## Exercise data
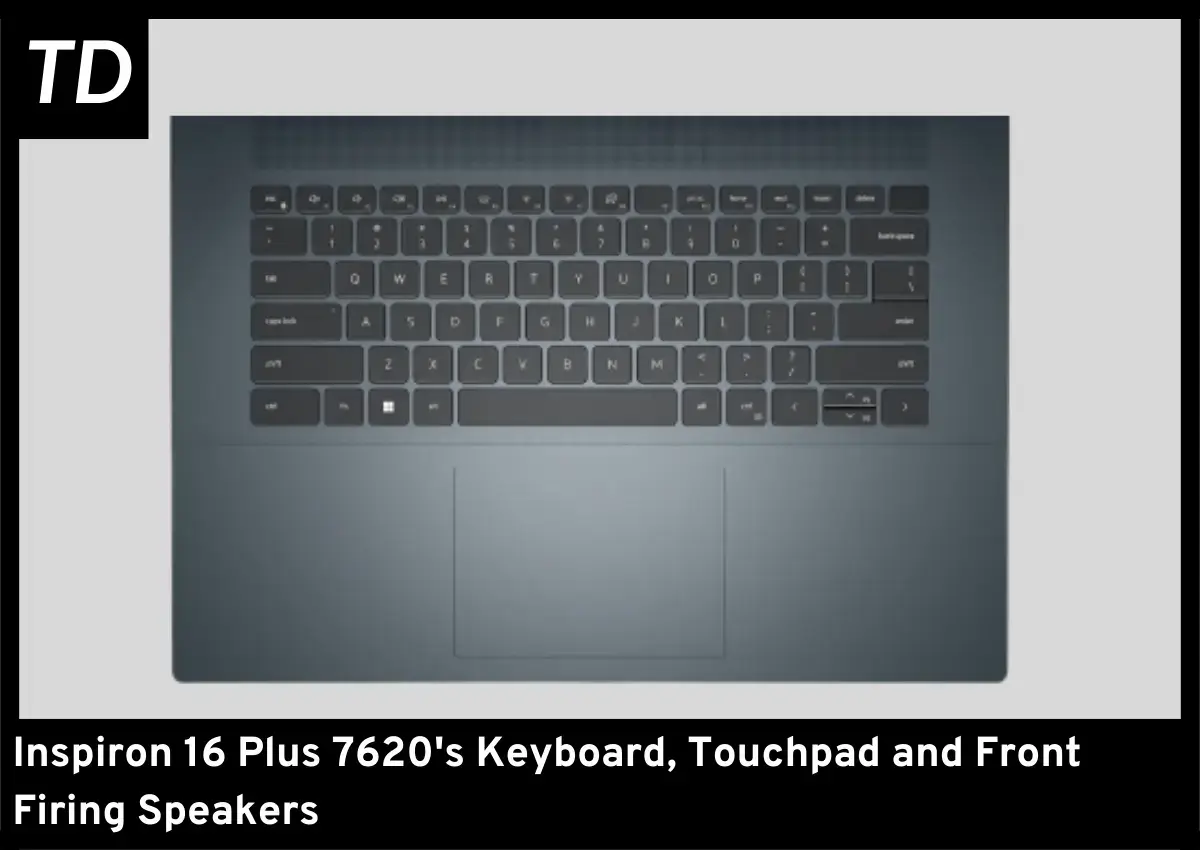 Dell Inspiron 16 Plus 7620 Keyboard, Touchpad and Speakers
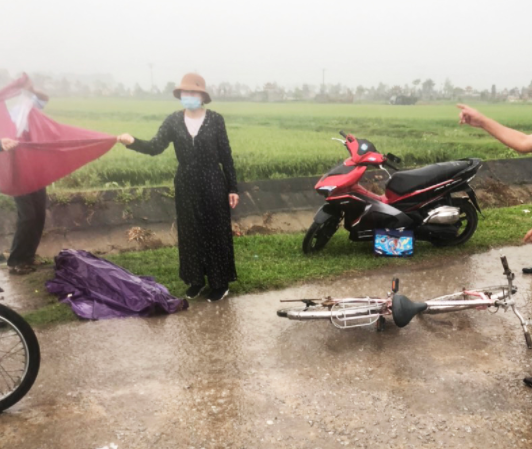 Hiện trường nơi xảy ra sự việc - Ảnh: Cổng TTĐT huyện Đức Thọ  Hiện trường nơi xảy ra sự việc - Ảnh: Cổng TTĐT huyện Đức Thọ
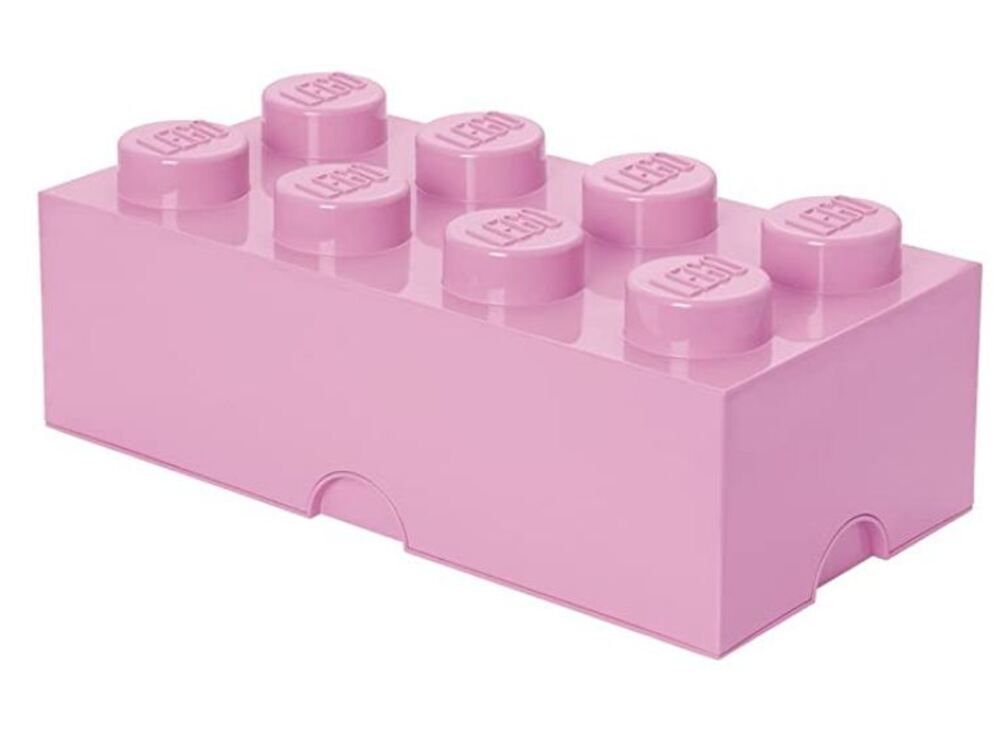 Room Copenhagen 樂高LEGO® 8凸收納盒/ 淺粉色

## What you should do
Reproduce the data exactly as it appears above. Pictures are to be left out.

## Solution to the problem
 Dell Inspiron 16 Plus 7620 Keyboard, Touchpad and Speakers
 Hiện trường nơi xảy ra sự việc - Ảnh: Cổng TTĐT huyện Đức Thọ  Hiện trường nơi xảy ra sự việc - Ảnh: Cổng TTĐT huyện Đức Thọ
 Room Copenhagen 樂高LEGO® 8凸收納盒/ 淺粉色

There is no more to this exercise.